The report ‘Bringing North Sea Energy Ashore Efficiently’ takes the rapidly increasing offshore wind capacity on the North Sea as a starting point. Coupled with demand on shore, it shows that several solutions and technologies need to be developed in order to bring the energy to the end consumer in the most efficient way, and thus ultimately to the lowest cost to the consumer.
The study looks at two stylised pathways – the electrons (power) pathway and the molecules pathway, with a specific focus on H2 (Hydrogen) generation (power-to-gas). The study shows that a combination of both pathways will be needed if we are to meet the challenges of climate change in the future. To create an affordable and reliable energy supply in North West Europe, a hybrid system of (green) power and (green) hydrogen is key.
Compared to the current average CO2 emissions, such a shift to green hydrogen would represent approximately 32 megaton in CO2 savings annually when fully functional. Due to the large-scale nature of the investments needed, international cooperation will be necessary in order to make use of the full potential of the North Sea. Germany, the United Kingdom, the Netherlands, Belgium, Denmark and Norway feature centrally within the report.

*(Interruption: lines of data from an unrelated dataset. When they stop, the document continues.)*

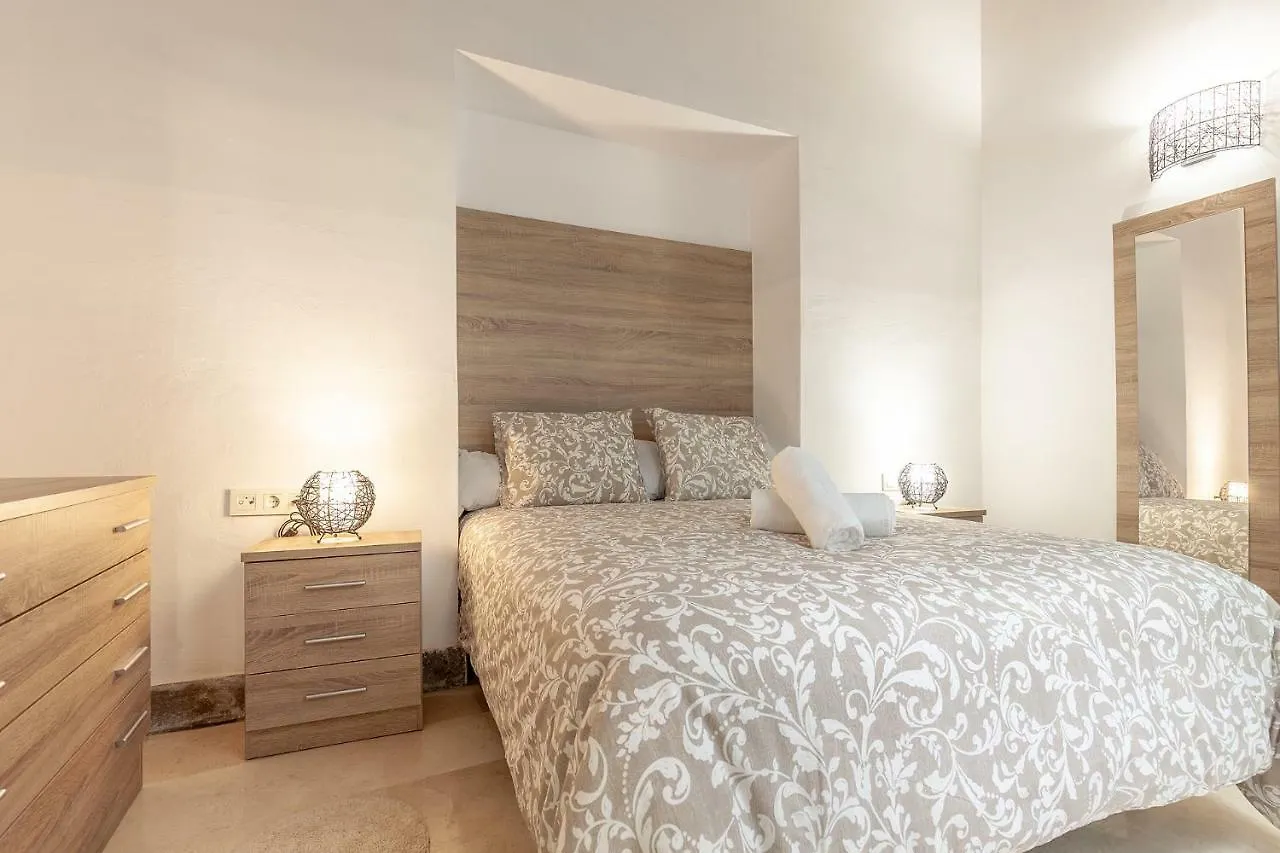 Pasaje De Amores Der - Descanso En Casa Y Vida Cultural Y Monumentos 4 Px Seville Apartment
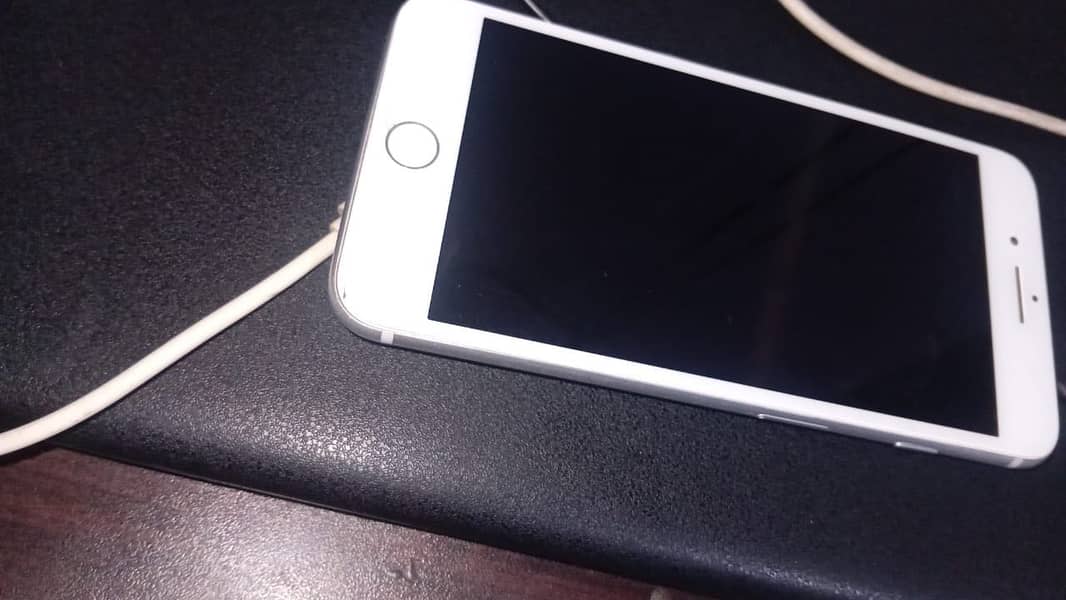 Iphone 8 plus 64 gp 3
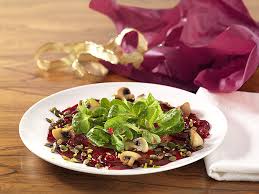 Rote Bete Carpaccio Mit Feldsalat Von Gefro Chefkoch Rezept Feldsalat Rezept Rezepte Feldsalat
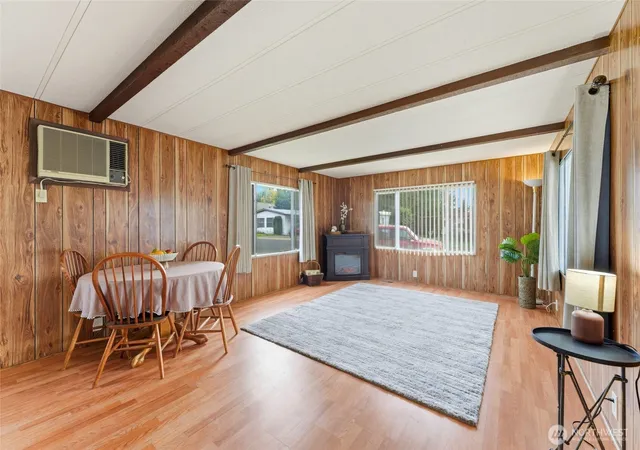 Photo 4 of Manufactured home for sale at 1031 SE Scenic View Dr, College Place, WA 99324 | MLS# NWM2544900 | Listing updated on 2026-09-22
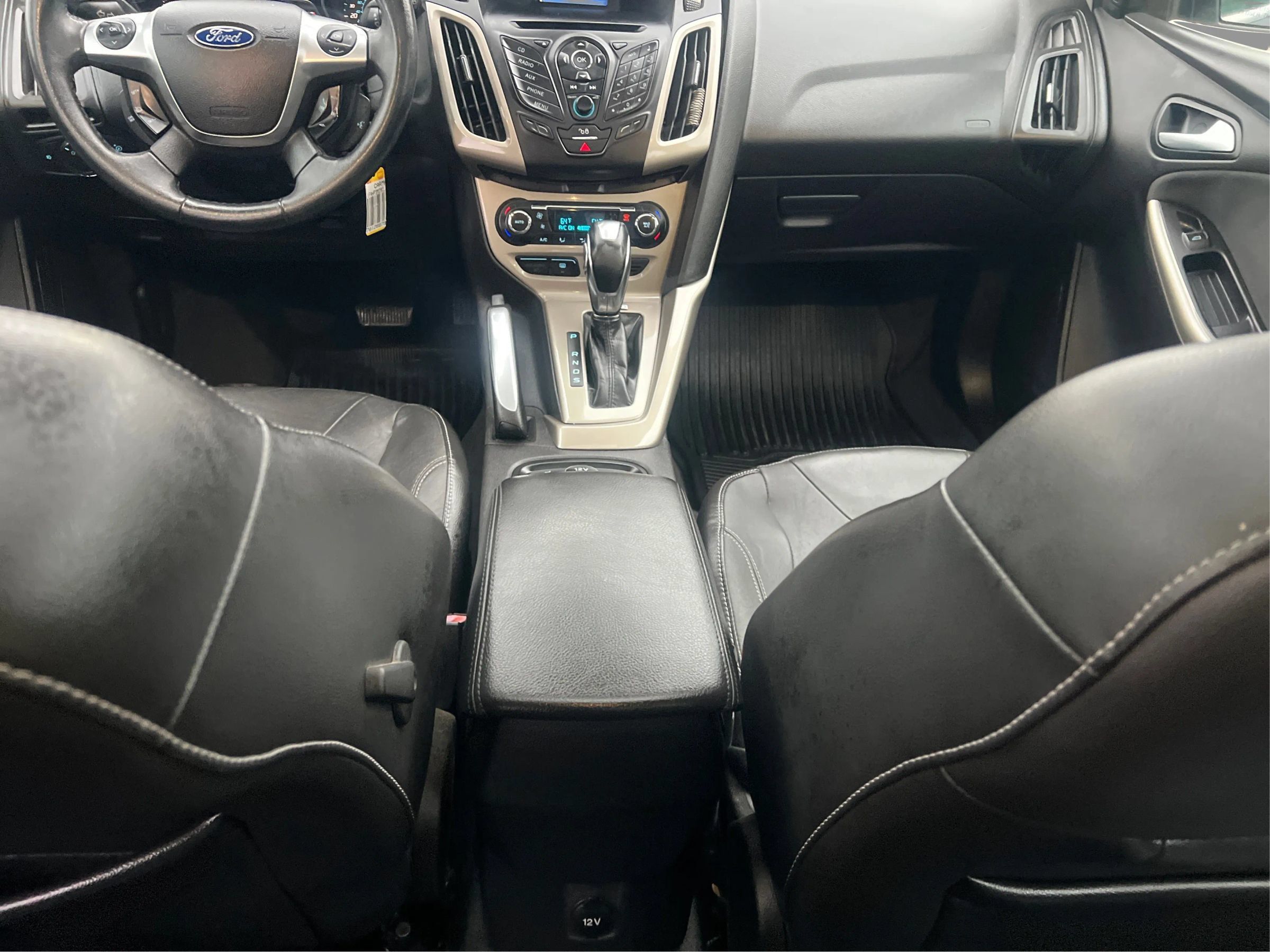 Used 2012 Ford Focus SEL FWD image 21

Key findings from the report include:
Defining the role of the public and the private sectors is important. Governments should define goals around sustainability, and clean-up any counter-productive regulation. Private market parties can then use their creativity and skills to develop effective, affordable technical and economic solutions
If the current generation can shape the energy developed on the North Sea, the next generation will be able to enjoy the fruits of a cleaner, cheaper and more secure energy supply than ours
The next European generation can make use of technology know-how accumulated when developing these systems that will likely also be exportable to the rest of the world.